但这个时候,士族百姓还不敢擅自上街,唯恐发生了什么事情,只敢在门缝中驻足观望。
直到一队队垂头丧气的禁军上街,接管建康防务,全城百姓才得知,王谧军竟然撤走了!
他们犹然不敢相信,大军进城,没有杀戮,没有抢掠,就这么离开,到底是来干什么的?
次日,司马曜罪己诏发布,通过各种渠道传出建康,晋朝境内,方才得知了王谧军攻占建康的些许真相。
在这其中,有惊讶于王谧一怒破城的,有幸灾乐祸看着晋朝内斗,有的惋惜朝廷没有改换主人的,更有震惊于皇权被践踏至此的。
世人千千万,各有各的想法,悲欢并不相通,而这件事情的余波,远没有平息。
因为王谧此举,真正动摇了朝廷的统治根基。
看似坚固的建康,历经几次动乱,最严重的,便是苏峻之乱那次。
而现在建康的防务,远比那时候强得多,但在王谧军面前,脆得像纸一样,简直是形同虚设。
这让士族百姓心中升起了一个想法:苻秦、前燕都曾被传多么厉害,却没有一个打到过长江,而王谧却如此轻易做到了,这是不是代表他已经比苻秦、前燕还强大了?
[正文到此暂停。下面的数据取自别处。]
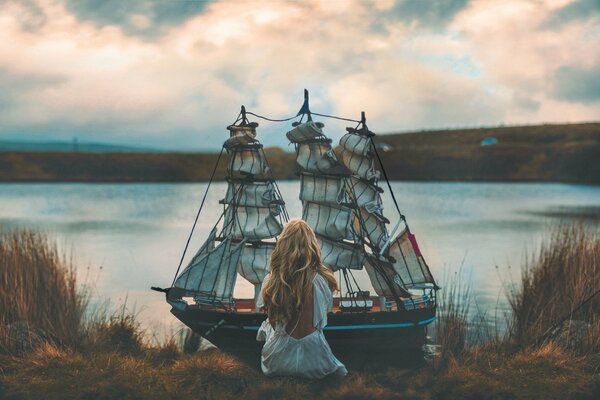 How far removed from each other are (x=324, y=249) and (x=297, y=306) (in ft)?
12.7

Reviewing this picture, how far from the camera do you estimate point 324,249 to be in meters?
11.6

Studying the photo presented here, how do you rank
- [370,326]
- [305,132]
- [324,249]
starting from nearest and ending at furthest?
[370,326], [305,132], [324,249]

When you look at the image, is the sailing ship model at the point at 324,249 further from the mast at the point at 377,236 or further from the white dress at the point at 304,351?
the white dress at the point at 304,351

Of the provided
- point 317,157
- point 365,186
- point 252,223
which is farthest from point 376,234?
point 252,223

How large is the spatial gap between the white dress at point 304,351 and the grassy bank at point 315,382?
0.35m

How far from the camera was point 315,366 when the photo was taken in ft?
26.9

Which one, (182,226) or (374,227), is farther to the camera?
(182,226)

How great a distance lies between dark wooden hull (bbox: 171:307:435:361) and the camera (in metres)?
10.9

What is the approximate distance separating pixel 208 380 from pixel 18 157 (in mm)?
69959

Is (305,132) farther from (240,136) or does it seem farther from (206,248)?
(206,248)

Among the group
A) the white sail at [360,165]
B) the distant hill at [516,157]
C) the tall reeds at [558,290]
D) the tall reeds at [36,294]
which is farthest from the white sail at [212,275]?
the distant hill at [516,157]

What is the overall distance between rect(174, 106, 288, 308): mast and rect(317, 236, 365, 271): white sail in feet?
3.33

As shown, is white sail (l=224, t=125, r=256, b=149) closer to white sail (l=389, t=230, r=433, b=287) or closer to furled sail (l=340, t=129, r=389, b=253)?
furled sail (l=340, t=129, r=389, b=253)

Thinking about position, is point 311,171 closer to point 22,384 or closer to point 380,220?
point 380,220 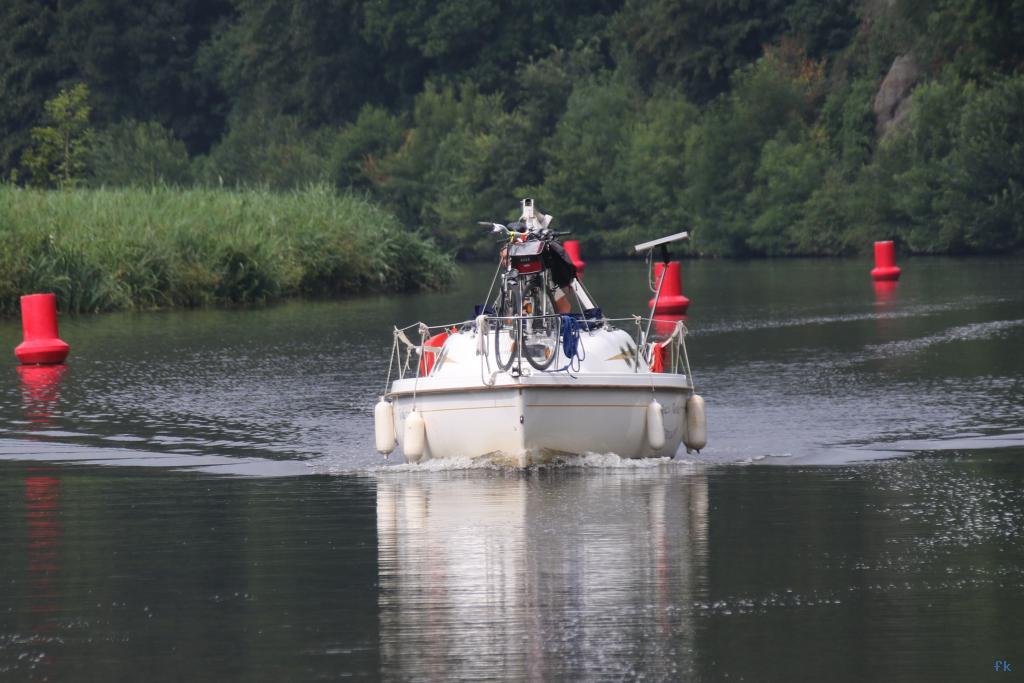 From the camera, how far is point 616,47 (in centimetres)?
9206

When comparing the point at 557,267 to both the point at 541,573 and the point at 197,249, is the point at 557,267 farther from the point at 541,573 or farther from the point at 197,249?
the point at 197,249

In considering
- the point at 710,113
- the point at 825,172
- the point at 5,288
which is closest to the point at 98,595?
the point at 5,288

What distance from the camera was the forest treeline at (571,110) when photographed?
6894cm

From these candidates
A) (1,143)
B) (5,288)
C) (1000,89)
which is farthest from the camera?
(1,143)

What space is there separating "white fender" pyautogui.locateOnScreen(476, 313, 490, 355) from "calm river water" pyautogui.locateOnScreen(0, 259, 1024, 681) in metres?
0.99

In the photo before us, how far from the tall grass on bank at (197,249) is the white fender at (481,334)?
78.3ft

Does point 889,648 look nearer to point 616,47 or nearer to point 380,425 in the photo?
point 380,425

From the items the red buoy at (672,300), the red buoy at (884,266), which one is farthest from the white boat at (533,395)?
the red buoy at (884,266)

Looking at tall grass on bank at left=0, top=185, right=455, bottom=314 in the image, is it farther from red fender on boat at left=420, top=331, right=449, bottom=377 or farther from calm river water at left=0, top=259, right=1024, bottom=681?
red fender on boat at left=420, top=331, right=449, bottom=377

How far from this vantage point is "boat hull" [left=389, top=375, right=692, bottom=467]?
53.7 feet

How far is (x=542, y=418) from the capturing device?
53.8 ft

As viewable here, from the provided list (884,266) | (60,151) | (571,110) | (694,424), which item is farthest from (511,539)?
(60,151)

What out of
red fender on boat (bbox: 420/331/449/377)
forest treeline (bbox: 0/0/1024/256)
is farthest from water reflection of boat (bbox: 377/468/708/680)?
forest treeline (bbox: 0/0/1024/256)

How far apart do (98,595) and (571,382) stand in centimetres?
570
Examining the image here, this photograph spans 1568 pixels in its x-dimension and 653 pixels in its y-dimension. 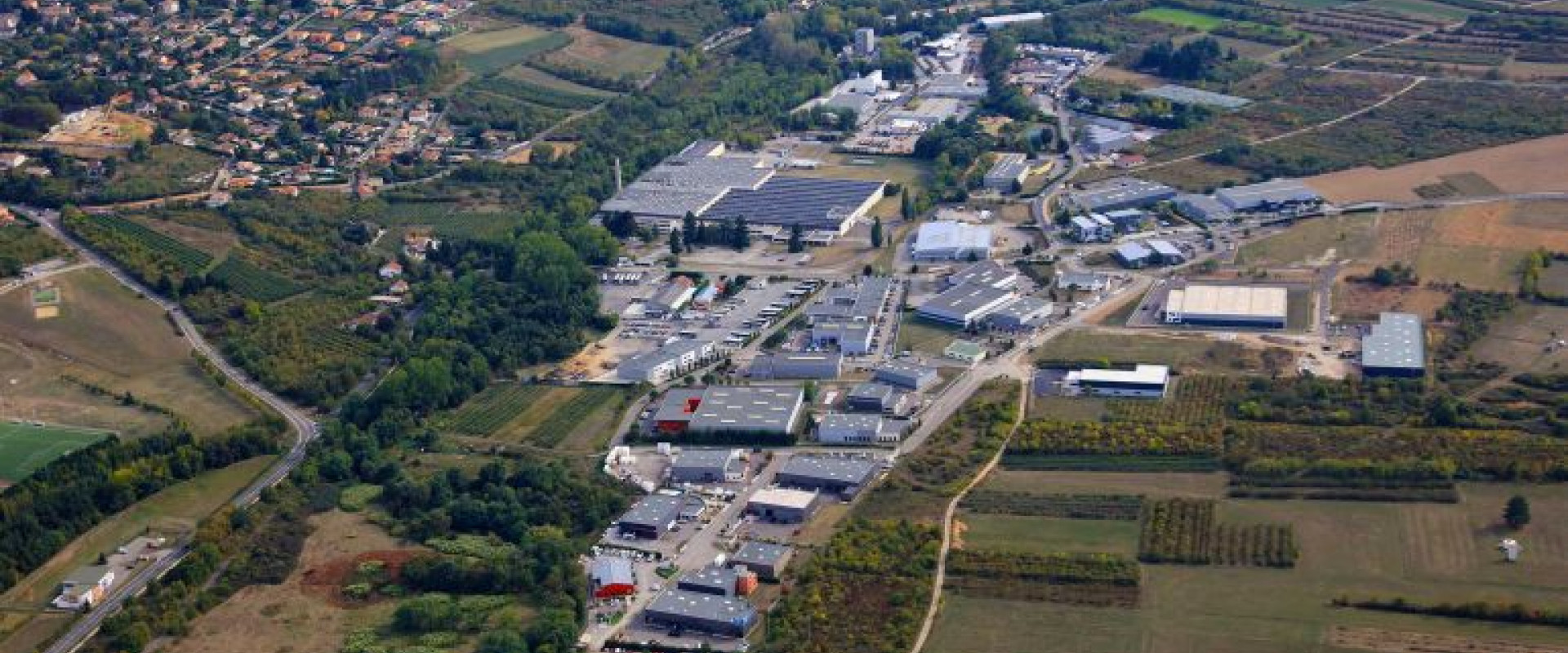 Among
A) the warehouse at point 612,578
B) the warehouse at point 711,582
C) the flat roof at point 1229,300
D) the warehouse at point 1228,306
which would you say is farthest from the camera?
the flat roof at point 1229,300

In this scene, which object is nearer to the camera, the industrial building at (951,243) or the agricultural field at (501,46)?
the industrial building at (951,243)

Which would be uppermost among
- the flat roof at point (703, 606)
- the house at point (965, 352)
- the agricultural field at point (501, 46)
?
the agricultural field at point (501, 46)

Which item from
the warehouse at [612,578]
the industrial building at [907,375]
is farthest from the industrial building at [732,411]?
the warehouse at [612,578]

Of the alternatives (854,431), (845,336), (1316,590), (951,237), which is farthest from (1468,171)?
(1316,590)

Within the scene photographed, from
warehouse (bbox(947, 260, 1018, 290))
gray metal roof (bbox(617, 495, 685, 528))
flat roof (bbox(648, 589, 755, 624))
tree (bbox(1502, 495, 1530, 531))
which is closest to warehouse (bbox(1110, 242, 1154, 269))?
warehouse (bbox(947, 260, 1018, 290))

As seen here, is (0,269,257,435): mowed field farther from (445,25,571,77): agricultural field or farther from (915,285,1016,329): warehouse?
(445,25,571,77): agricultural field

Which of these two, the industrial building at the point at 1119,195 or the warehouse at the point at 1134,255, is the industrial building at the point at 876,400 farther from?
the industrial building at the point at 1119,195

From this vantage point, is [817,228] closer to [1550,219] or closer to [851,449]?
[851,449] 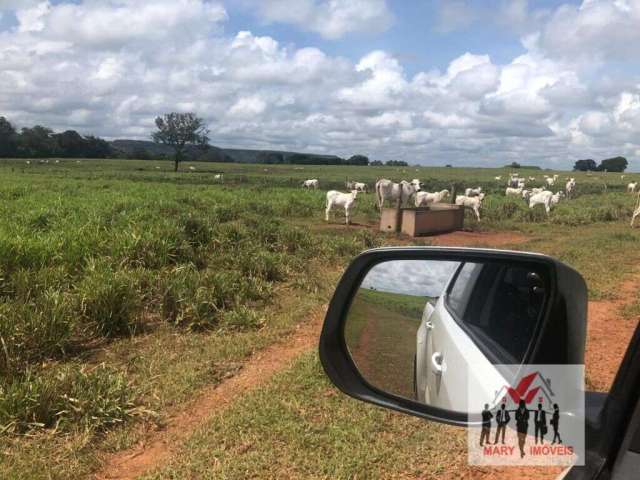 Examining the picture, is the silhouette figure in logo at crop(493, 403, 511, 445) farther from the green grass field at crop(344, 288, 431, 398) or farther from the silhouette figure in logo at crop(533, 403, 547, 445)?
the green grass field at crop(344, 288, 431, 398)

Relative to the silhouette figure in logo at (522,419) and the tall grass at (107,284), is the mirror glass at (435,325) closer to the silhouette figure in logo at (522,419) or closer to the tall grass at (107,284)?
the silhouette figure in logo at (522,419)

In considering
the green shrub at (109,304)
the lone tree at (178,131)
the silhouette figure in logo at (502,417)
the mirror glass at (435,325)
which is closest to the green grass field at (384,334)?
the mirror glass at (435,325)

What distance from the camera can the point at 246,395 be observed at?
467cm

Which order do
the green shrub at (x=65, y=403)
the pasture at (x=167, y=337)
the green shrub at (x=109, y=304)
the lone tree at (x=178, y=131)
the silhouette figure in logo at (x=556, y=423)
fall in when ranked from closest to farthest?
the silhouette figure in logo at (x=556, y=423)
the pasture at (x=167, y=337)
the green shrub at (x=65, y=403)
the green shrub at (x=109, y=304)
the lone tree at (x=178, y=131)

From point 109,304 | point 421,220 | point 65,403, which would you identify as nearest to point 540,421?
point 65,403

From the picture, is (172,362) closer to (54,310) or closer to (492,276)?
(54,310)

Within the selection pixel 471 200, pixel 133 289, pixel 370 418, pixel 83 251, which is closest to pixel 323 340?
pixel 370 418

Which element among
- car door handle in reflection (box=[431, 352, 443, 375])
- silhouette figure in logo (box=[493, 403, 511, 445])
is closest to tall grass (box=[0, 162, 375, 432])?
car door handle in reflection (box=[431, 352, 443, 375])

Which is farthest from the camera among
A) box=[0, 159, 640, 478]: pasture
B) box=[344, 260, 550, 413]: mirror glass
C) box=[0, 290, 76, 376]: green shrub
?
box=[0, 290, 76, 376]: green shrub

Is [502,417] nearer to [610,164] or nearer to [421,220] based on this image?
[421,220]

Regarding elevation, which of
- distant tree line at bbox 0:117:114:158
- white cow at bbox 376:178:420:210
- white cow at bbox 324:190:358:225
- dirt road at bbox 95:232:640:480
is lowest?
dirt road at bbox 95:232:640:480

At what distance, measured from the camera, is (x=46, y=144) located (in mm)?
90062

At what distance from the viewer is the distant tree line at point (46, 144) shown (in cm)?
8494

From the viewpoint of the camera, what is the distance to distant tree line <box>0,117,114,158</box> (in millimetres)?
84938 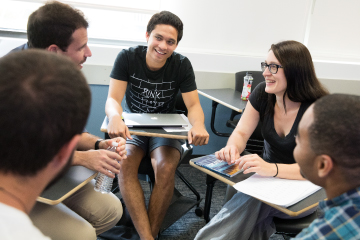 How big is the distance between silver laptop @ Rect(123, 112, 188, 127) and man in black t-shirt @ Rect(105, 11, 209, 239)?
0.07m

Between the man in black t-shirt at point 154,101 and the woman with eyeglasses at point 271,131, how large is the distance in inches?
12.9

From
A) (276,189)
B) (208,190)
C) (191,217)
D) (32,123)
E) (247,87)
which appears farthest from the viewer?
(247,87)

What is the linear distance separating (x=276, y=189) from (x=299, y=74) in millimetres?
692

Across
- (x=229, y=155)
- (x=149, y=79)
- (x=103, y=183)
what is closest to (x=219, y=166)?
(x=229, y=155)

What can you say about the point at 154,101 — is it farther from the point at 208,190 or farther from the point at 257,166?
the point at 257,166

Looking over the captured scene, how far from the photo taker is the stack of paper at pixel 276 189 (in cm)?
129

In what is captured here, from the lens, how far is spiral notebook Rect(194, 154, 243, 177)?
152 centimetres

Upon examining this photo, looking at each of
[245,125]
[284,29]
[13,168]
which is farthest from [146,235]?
[284,29]

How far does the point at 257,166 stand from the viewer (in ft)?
Result: 4.92

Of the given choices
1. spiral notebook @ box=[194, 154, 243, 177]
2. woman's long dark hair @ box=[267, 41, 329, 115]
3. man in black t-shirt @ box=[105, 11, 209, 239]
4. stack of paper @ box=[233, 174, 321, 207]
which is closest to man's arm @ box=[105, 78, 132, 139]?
man in black t-shirt @ box=[105, 11, 209, 239]

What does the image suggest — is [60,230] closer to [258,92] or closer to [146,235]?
[146,235]

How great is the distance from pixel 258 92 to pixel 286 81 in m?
0.20

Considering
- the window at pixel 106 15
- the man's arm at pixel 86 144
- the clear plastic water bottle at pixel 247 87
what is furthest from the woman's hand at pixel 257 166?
the window at pixel 106 15

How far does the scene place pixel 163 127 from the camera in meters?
1.93
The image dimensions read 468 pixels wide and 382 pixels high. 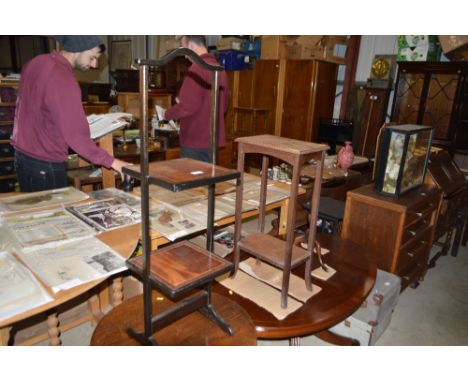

事实上,亲眼看到王谧攻入皇城的朝臣们,很多都是这么认为的。
王谧军的战力,远远超乎了他们的想象,这不仅在于兵器盔甲,还在于作战指挥的组织度上。
召之即来,挥之即去,毫不拖泥带水,这天下还有谁能做到?
之后消息传入朝廷,说王谧去了京口,殷仲堪召集将领兵士,说明情况后,带走了绝大部分人。
虽然其中也有不愿意跟着北上,就此留下来的,但不足万人,远远不能支撑京口防务了。
不过即使是这样,对朝廷来说,这些留下来的兵力也是极为宝贵的战力,若以其为主力,招揽兵士训练,未必不能在短时间内,打造出一支能用的队伍。
为此司马曜重新任命车胤和王恭两人去京口善后,收编兵士,重新整军。
临行前,司马曜亲自相送,对他们叹道:“是朕的错,对不起你们啊。”
两人连忙道:“陛下言重了,这是故琅琊王一意孤行,和陛下何干?”
说来他们两个,一个亲妹妹被其谋害,一个被其派刺客暗杀,差点死于非命,早就恨翻了司马道子。
但以司马道子的身份,即使罪行败露,只怕也不痛不痒揭过,两人的仇,怕是终生都讨不回来。
所以在朝堂上,司马道子被王谧杀死的时候,两人倒心里隐隐生出快感来。
而王谧这边,则是一路赶到了彭城,带着殷仲堪,和刘牢之相见了。
刘牢之被张蚝牵制住,所以只能干等着,早前他得知了王谧在建康做的事情,也不禁暗暗咋舌。
在刘牢之看来,王谧最可怕的,不是其手下兵士,而是其敢于推平一切,甚至无视皇权的狠辣决绝。
所以当他听说王谧要见自己的时候,就明白这是要他做选择了。